Fredericton's pitch to ban red light turns questioned

Fredericton Coun. Greg Ericson says a proposal to ban right turns on red lights at six downtown intersections is causing many citizens to ask legitimate questions.

Coun. Greg Ericson says the public is raising important questions about the proposal

A Fredericton councillor is putting the brakes on an idea to ban right turns on red lights at six intersections in the city’s downtown.

The recommendation is one of 25 measures suggested in a consultant's report last year to cut down on the rising number of pedestrian vehicle collisions.

Coun. Greg Ericson, a member of the city’s transportation committee, said the idea of prohibiting right turns on red lights is in the engineering phase now and more work needs to be done before the proposal is implemented.

"I don't think the community itself sees it as a very viable notion right now, but with signage, with a public education campaign, and the enforcement that comes with it, we certainly could implement it," he said.

"What we need to decide is whether or not implementing this idea is going to efficiently achieve the intended result, which would be a reduction in pedestrian-related accidents."

Darren Charters, a Fredericton traffic engineer, points to intersections that could soon prohibit right turns on red lights. (CBC)

Ericson said pedestrian-vehicle collisions have risen by 10 per cent a year for the last three years.
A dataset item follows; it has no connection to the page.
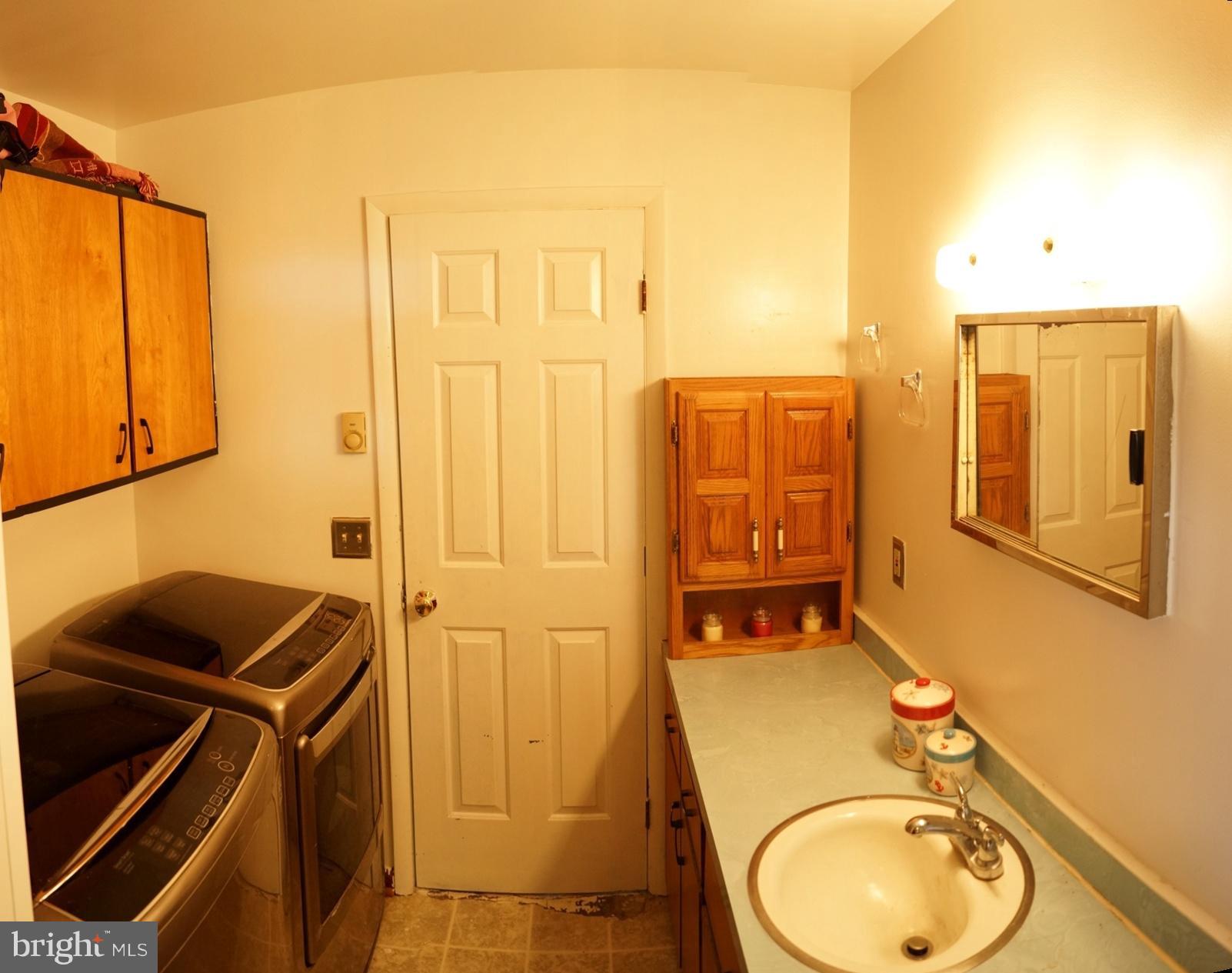 123 Aker Road Queenstown, MD 21658 - Photo 10 of 11 Bath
He said businesses in the downtown core have said they routinely see vehicle-pedestrian accidents and near misses in the area.

A pilot project could start this spring at several intersections, including Regent Street and Queen Street, Regent Street and King Street and Westmorland Street and Brunswick Street.
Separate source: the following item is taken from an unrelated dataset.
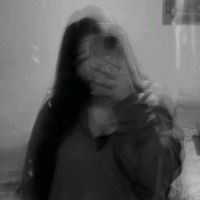 isaa_rgh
Ericson said it would be a complicated proposal to implement, so he said it would be crucial to create an education campaign to raise awareness of the idea.
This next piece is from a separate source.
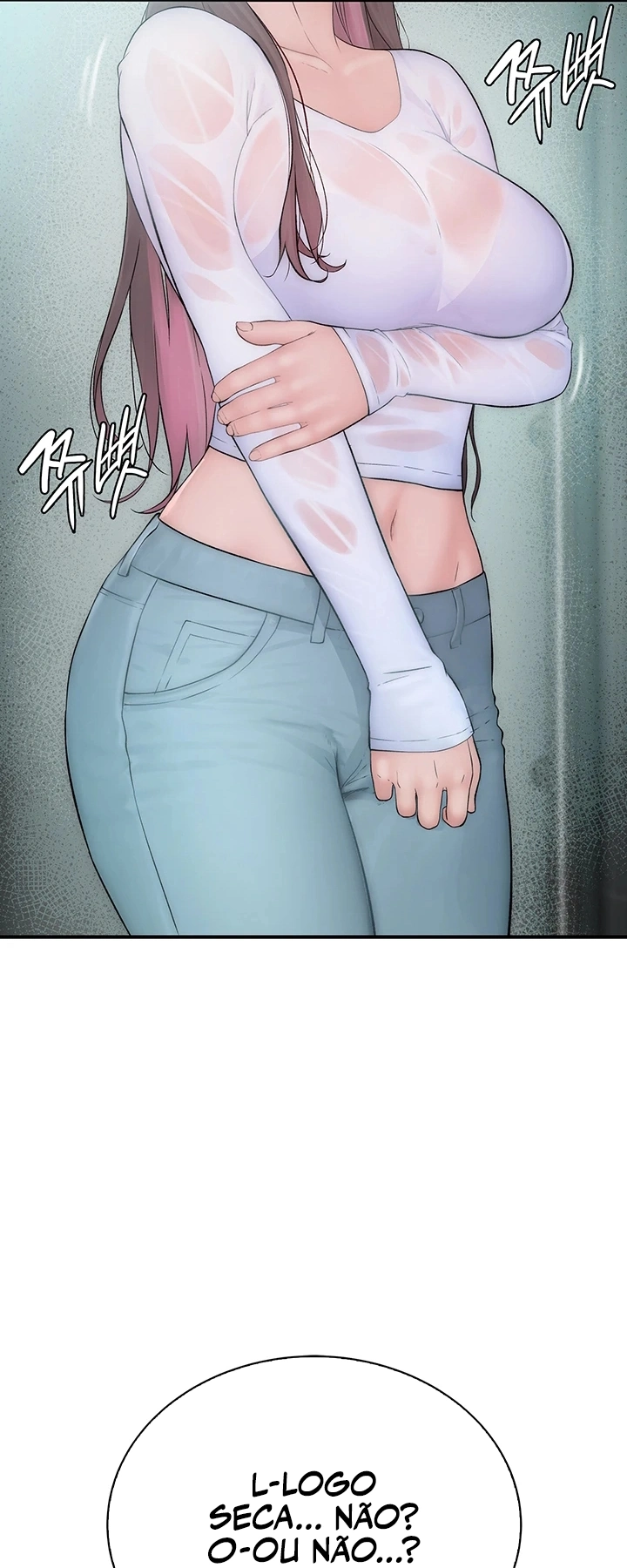 Ler No Longer Human Capitulo 8 Page 95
The city councillor said he is looking forward to hearing from the city’s traffic engineer. Ericson said many of the comments raised by citizens are valid and the city will study those issues.

"We need to find optimal balance between pedestrian safety and traffic flow," he said.

Darren Charters, a traffic engineer with the city, said last week the city planners are focusing on the downtown intersections for the pilot project because they are some of the busiest pedestrian areas in the city.

The added safety being brought by the proposed traffic change could come with longer wait times for cars.

Charters said they expect to see a delay of about four to six seconds per vehicle in the six targeted intersections.